> _PROBLEM DETAILS_:
Give back each line below verbatim.

-------- SUPPLIED ENTRIES

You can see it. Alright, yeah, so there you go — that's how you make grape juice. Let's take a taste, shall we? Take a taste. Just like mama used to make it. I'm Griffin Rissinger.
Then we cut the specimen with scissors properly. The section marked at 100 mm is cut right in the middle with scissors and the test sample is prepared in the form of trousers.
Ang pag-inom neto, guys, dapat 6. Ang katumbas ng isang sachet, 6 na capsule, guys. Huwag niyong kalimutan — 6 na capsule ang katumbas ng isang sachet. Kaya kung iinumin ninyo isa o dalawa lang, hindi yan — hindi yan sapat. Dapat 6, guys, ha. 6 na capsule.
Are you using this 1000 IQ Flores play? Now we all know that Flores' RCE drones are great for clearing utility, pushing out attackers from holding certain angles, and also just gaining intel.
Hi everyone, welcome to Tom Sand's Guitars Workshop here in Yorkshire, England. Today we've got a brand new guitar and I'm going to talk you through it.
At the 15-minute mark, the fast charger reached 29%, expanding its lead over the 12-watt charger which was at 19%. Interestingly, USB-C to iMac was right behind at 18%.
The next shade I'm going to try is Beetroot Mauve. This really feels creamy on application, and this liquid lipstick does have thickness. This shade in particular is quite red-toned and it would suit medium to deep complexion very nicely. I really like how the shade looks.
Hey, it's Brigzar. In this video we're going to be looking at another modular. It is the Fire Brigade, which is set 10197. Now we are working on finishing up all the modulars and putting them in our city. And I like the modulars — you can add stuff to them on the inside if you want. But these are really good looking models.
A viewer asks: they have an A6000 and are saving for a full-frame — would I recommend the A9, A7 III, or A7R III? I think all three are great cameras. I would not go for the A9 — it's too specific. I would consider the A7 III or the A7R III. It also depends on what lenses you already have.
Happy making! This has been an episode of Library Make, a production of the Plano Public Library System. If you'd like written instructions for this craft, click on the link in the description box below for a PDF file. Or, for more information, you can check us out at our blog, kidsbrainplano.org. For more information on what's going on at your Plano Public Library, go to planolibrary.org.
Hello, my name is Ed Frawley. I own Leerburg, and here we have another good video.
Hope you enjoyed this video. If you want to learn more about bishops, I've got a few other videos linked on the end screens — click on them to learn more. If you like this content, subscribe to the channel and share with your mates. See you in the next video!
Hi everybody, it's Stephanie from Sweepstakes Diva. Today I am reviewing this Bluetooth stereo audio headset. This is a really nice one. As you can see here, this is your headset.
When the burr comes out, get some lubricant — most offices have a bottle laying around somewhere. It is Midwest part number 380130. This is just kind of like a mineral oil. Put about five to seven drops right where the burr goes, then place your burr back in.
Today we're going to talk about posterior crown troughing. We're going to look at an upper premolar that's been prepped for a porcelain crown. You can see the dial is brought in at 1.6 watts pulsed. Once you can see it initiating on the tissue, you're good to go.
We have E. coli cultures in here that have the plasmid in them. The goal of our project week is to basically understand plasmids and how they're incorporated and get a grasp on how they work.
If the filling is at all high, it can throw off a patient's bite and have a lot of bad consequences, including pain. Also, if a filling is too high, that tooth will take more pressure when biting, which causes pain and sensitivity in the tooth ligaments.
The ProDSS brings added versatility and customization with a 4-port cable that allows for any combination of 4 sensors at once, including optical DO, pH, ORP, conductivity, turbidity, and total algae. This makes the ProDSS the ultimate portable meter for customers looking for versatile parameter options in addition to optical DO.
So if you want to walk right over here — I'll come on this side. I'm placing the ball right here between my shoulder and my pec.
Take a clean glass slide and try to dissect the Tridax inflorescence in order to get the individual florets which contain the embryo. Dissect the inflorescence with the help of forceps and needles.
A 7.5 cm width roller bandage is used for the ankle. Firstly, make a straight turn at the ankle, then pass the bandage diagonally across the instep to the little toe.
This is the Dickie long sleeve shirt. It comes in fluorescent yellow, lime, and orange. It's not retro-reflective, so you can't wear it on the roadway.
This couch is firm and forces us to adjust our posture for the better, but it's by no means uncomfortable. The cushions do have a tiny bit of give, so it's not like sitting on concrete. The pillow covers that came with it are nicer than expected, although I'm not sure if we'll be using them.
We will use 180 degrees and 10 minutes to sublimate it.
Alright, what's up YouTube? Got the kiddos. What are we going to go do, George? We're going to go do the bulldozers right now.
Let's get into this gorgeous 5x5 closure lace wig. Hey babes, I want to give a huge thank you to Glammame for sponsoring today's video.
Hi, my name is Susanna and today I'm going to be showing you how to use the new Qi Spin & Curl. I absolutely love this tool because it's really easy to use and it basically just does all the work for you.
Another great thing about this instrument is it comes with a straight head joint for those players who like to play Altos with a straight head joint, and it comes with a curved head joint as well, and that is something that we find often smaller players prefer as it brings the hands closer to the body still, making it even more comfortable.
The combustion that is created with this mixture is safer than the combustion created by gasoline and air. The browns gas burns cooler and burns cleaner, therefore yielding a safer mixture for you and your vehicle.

----------------

> _THE ANSWER_:
You can see it. Alright, yeah, so there you go — that's how you make grape juice. Let's take a taste, shall we? Take a taste. Just like mama used to make it. I'm Griffin Rissinger.
Then we cut the specimen with scissors properly. The section marked at 100 mm is cut right in the middle with scissors and the test sample is prepared in the form of trousers.
Ang pag-inom neto, guys, dapat 6. Ang katumbas ng isang sachet, 6 na capsule, guys. Huwag niyong kalimutan — 6 na capsule ang katumbas ng isang sachet. Kaya kung iinumin ninyo isa o dalawa lang, hindi yan — hindi yan sapat. Dapat 6, guys, ha. 6 na capsule.
Are you using this 1000 IQ Flores play? Now we all know that Flores' RCE drones are great for clearing utility, pushing out attackers from holding certain angles, and also just gaining intel.
Hi everyone, welcome to Tom Sand's Guitars Workshop here in Yorkshire, England. Today we've got a brand new guitar and I'm going to talk you through it.
At the 15-minute mark, the fast charger reached 29%, expanding its lead over the 12-watt charger which was at 19%. Interestingly, USB-C to iMac was right behind at 18%.
The next shade I'm going to try is Beetroot Mauve. This really feels creamy on application, and this liquid lipstick does have thickness. This shade in particular is quite red-toned and it would suit medium to deep complexion very nicely. I really like how the shade looks.
Hey, it's Brigzar. In this video we're going to be looking at another modular. It is the Fire Brigade, which is set 10197. Now we are working on finishing up all the modulars and putting them in our city. And I like the modulars — you can add stuff to them on the inside if you want. But these are really good looking models.
A viewer asks: they have an A6000 and are saving for a full-frame — would I recommend the A9, A7 III, or A7R III? I think all three are great cameras. I would not go for the A9 — it's too specific. I would consider the A7 III or the A7R III. It also depends on what lenses you already have.
Happy making! This has been an episode of Library Make, a production of the Plano Public Library System. If you'd like written instructions for this craft, click on the link in the description box below for a PDF file. Or, for more information, you can check us out at our blog, kidsbrainplano.org. For more information on what's going on at your Plano Public Library, go to planolibrary.org.
Hello, my name is Ed Frawley. I own Leerburg, and here we have another good video.
Hope you enjoyed this video. If you want to learn more about bishops, I've got a few other videos linked on the end screens — click on them to learn more. If you like this content, subscribe to the channel and share with your mates. See you in the next video!
Hi everybody, it's Stephanie from Sweepstakes Diva. Today I am reviewing this Bluetooth stereo audio headset. This is a really nice one. As you can see here, this is your headset.
When the burr comes out, get some lubricant — most offices have a bottle laying around somewhere. It is Midwest part number 380130. This is just kind of like a mineral oil. Put about five to seven drops right where the burr goes, then place your burr back in.
Today we're going to talk about posterior crown troughing. We're going to look at an upper premolar that's been prepped for a porcelain crown. You can see the dial is brought in at 1.6 watts pulsed. Once you can see it initiating on the tissue, you're good to go.
We have E. coli cultures in here that have the plasmid in them. The goal of our project week is to basically understand plasmids and how they're incorporated and get a grasp on how they work.
If the filling is at all high, it can throw off a patient's bite and have a lot of bad consequences, including pain. Also, if a filling is too high, that tooth will take more pressure when biting, which causes pain and sensitivity in the tooth ligaments.
The ProDSS brings added versatility and customization with a 4-port cable that allows for any combination of 4 sensors at once, including optical DO, pH, ORP, conductivity, turbidity, and total algae. This makes the ProDSS the ultimate portable meter for customers looking for versatile parameter options in addition to optical DO.
So if you want to walk right over here — I'll come on this side. I'm placing the ball right here between my shoulder and my pec.
Take a clean glass slide and try to dissect the Tridax inflorescence in order to get the individual florets which contain the embryo. Dissect the inflorescence with the help of forceps and needles.
A 7.5 cm width roller bandage is used for the ankle. Firstly, make a straight turn at the ankle, then pass the bandage diagonally across the instep to the little toe.
This is the Dickie long sleeve shirt. It comes in fluorescent yellow, lime, and orange. It's not retro-reflective, so you can't wear it on the roadway.
This couch is firm and forces us to adjust our posture for the better, but it's by no means uncomfortable. The cushions do have a tiny bit of give, so it's not like sitting on concrete. The pillow covers that came with it are nicer than expected, although I'm not sure if we'll be using them.
We will use 180 degrees and 10 minutes to sublimate it.
Alright, what's up YouTube? Got the kiddos. What are we going to go do, George? We're going to go do the bulldozers right now.
Let's get into this gorgeous 5x5 closure lace wig. Hey babes, I want to give a huge thank you to Glammame for sponsoring today's video.
Hi, my name is Susanna and today I'm going to be showing you how to use the new Qi Spin & Curl. I absolutely love this tool because it's really easy to use and it basically just does all the work for you.
Another great thing about this instrument is it comes with a straight head joint for those players who like to play Altos with a straight head joint, and it comes with a curved head joint as well, and that is something that we find often smaller players prefer as it brings the hands closer to the body still, making it even more comfortable.
The combustion that is created with this mixture is safer than the combustion created by gasoline and air. The browns gas burns cooler and burns cleaner, therefore yielding a safer mixture for you and your vehicle.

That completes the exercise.